Once the line containing "Pré-venda 2024 BYD" is found in the records below, return it and each following line exactly, up to and including the line containing "Chanel Le Vernis 18 Rogue Noir Nail Polish", and nothing else.

DATA TO USE –
- - - -

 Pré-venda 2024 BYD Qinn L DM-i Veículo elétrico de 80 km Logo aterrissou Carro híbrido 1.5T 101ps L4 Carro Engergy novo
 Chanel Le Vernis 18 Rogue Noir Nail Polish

- - - -

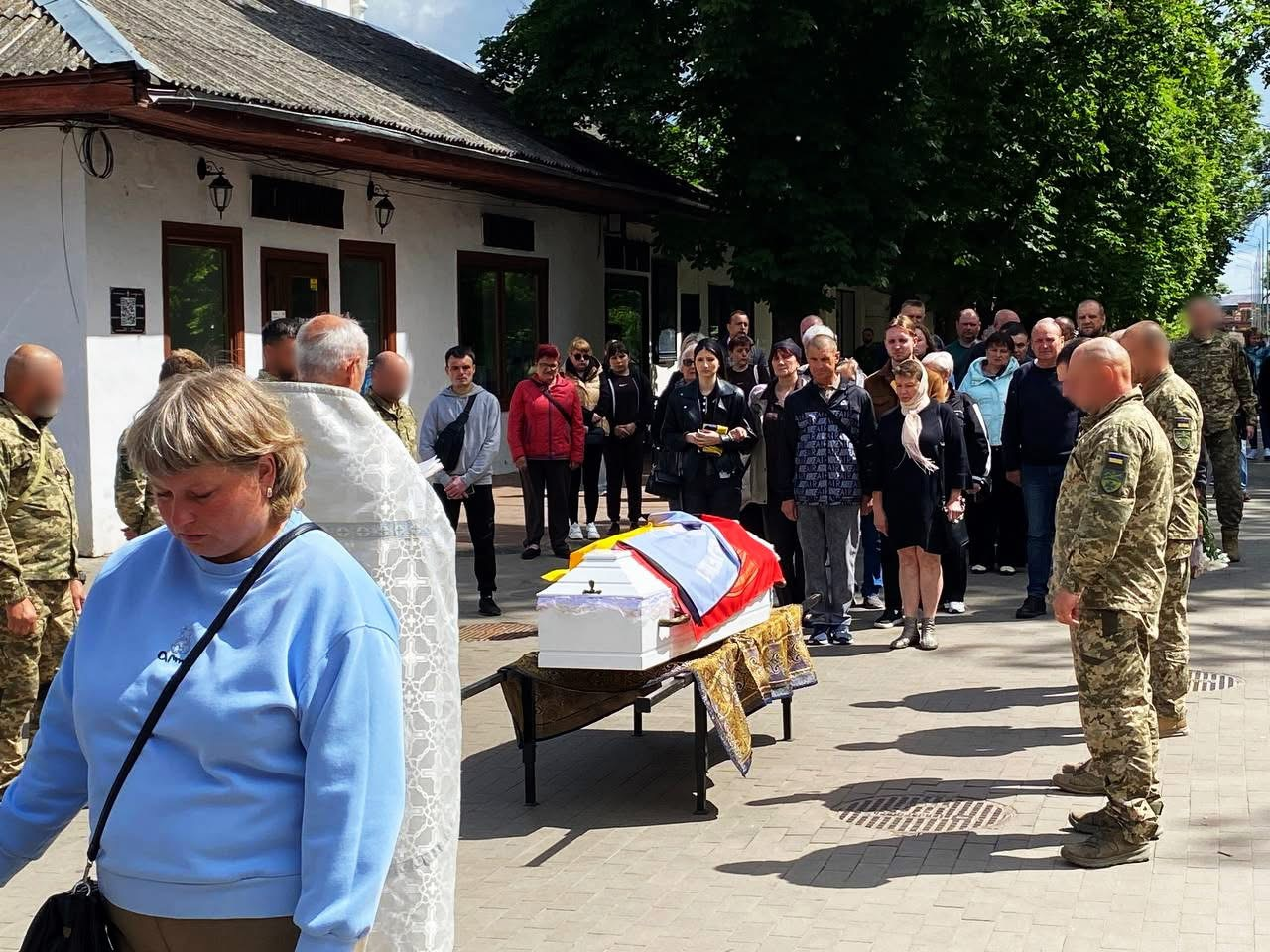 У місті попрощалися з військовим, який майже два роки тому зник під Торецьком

- - - -

RESPONSE FOR THIS EXERCISE –
 Pré-venda 2024 BYD Qinn L DM-i Veículo elétrico de 80 km Logo aterrissou Carro híbrido 1.5T 101ps L4 Carro Engergy novo
 Chanel Le Vernis 18 Rogue Noir Nail Polish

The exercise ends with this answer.